Short text fragments from websites:
☆ ☆ ☆ ☆

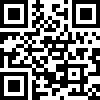 https://khabaronline.ir/xk9TG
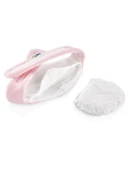 BabyJem Kiraz Çekirdekli Gaz Giderici Kemer 429 Gri thumbnail 7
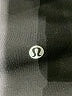 SoulCycle by Lululemon Solid Black Active Pants Size 6 - photo 7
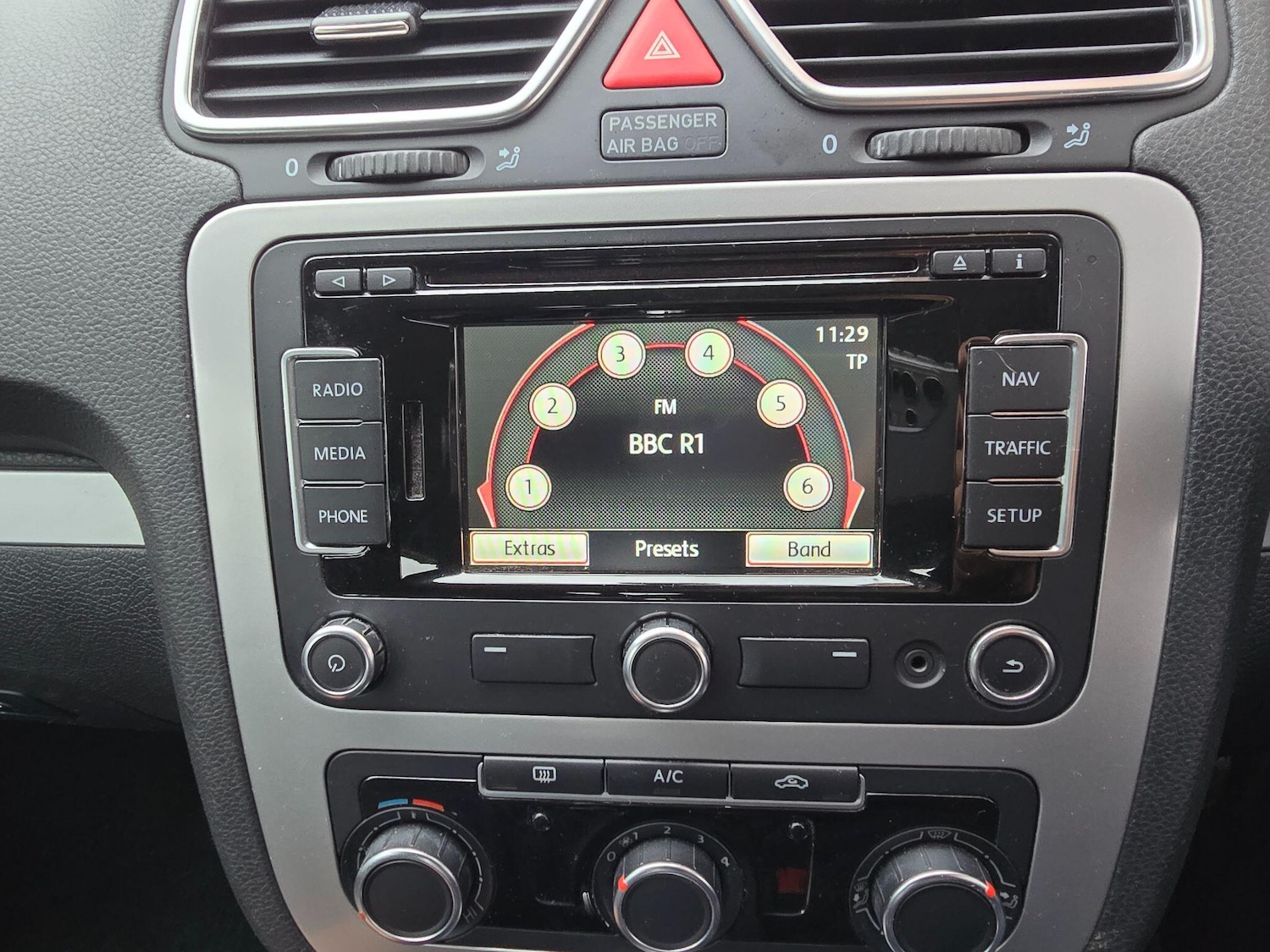 Used Volkswagen Scirocco 2013 for sale - 76314369: Photo 18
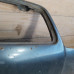 Капота Audi 100 C4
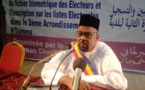 Tchad : ​le député frondeur du PLD lance une campagne de sensibilisation pour le recensement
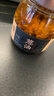 潮汕集锦 红葱油炒饭上海拌面油香葱酥酱料特产葱头家用调味料150ml/瓶 实拍图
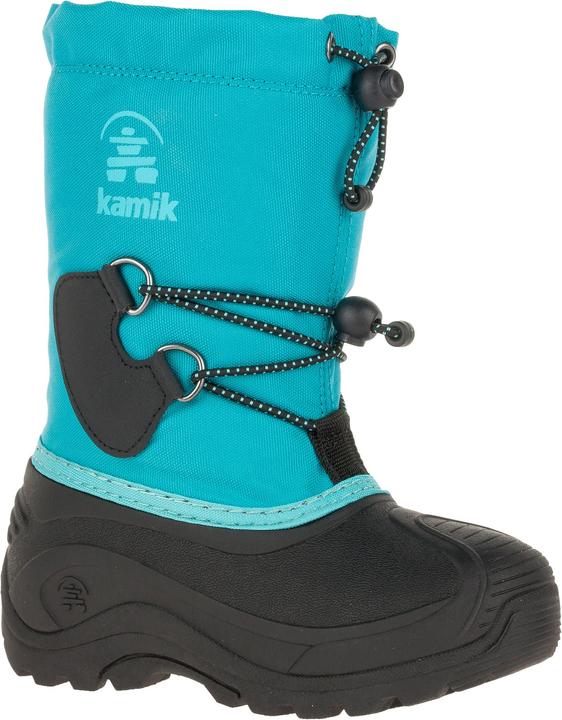 Kamik Southpole 4 (25)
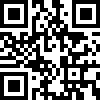 https://khabaronline.ir/x75FK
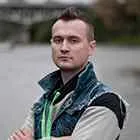 Некрасов Максим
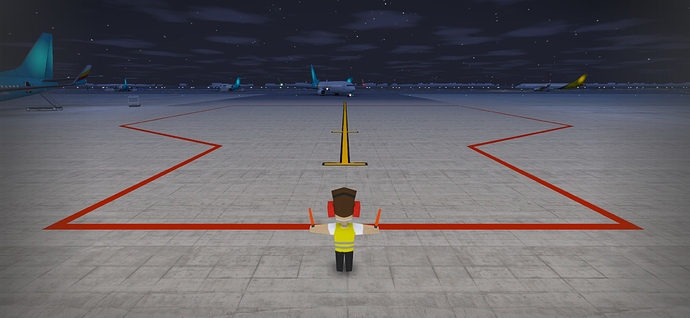 Screenshot_20210110-133732238
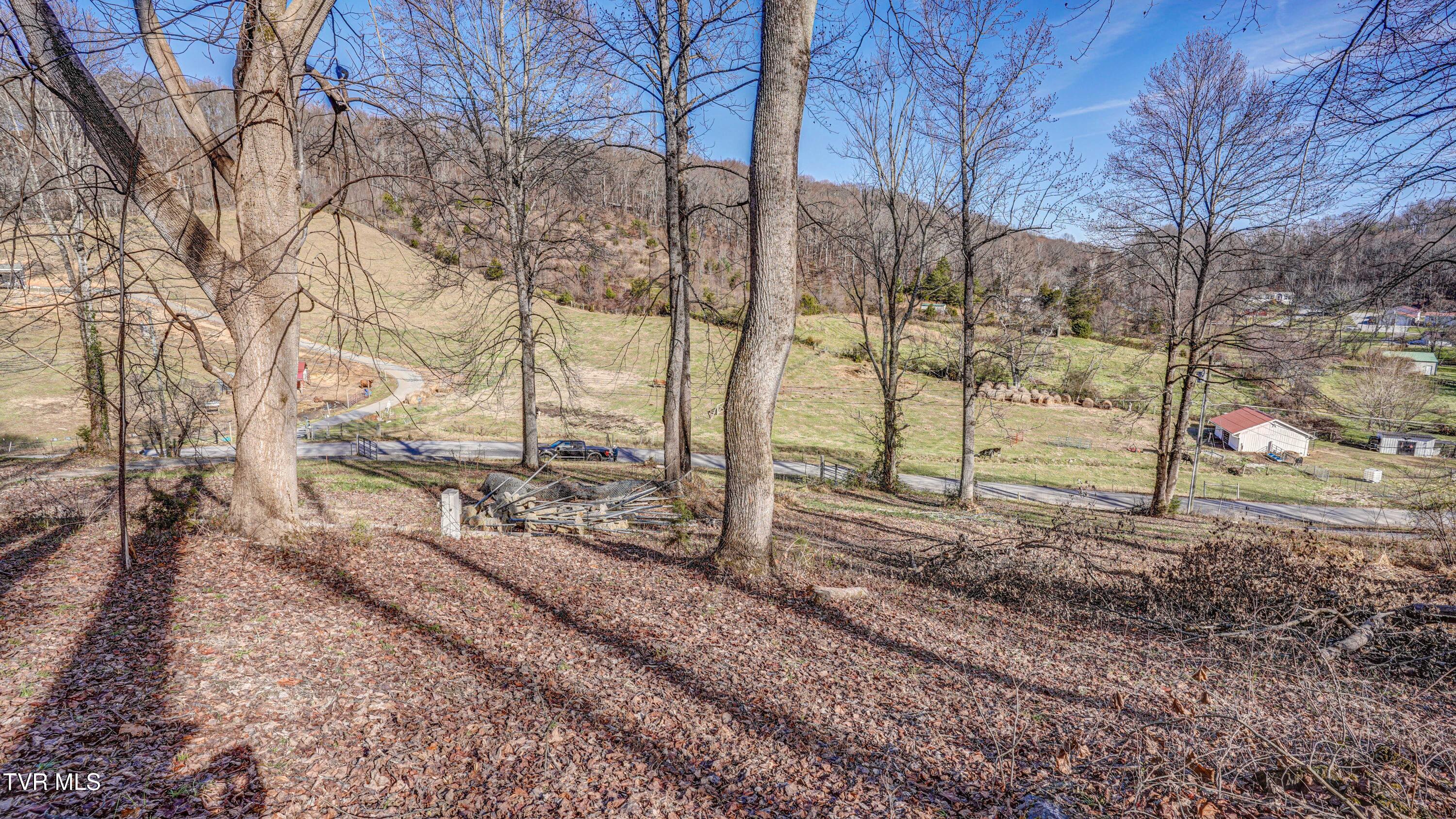 337 Johnson Cemetery Road, Unit LOT 14 Blountville, TN 37617 - Photo 24 of 27 DSC02437_38_39_40_41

☆ ☆ ☆ ☆

Task requirements:
A verbatim copy of all the records, minus the pictures, is the expected answer.

Task output:
 https://khabaronline.ir/xk9TG
 BabyJem Kiraz Çekirdekli Gaz Giderici Kemer 429 Gri thumbnail 7
 SoulCycle by Lululemon Solid Black Active Pants Size 6 - photo 7
 Used Volkswagen Scirocco 2013 for sale - 76314369: Photo 18
 Капота Audi 100 C4
 Tchad : ​le député frondeur du PLD lance une campagne de sensibilisation pour le recensement
 潮汕集锦 红葱油炒饭上海拌面油香葱酥酱料特产葱头家用调味料150ml/瓶 实拍图
 Kamik Southpole 4 (25)
 https://khabaronline.ir/x75FK
 Некрасов Максим
 Screenshot_20210110-133732238
 337 Johnson Cemetery Road, Unit LOT 14 Blountville, TN 37617 - Photo 24 of 27 DSC02437_38_39_40_41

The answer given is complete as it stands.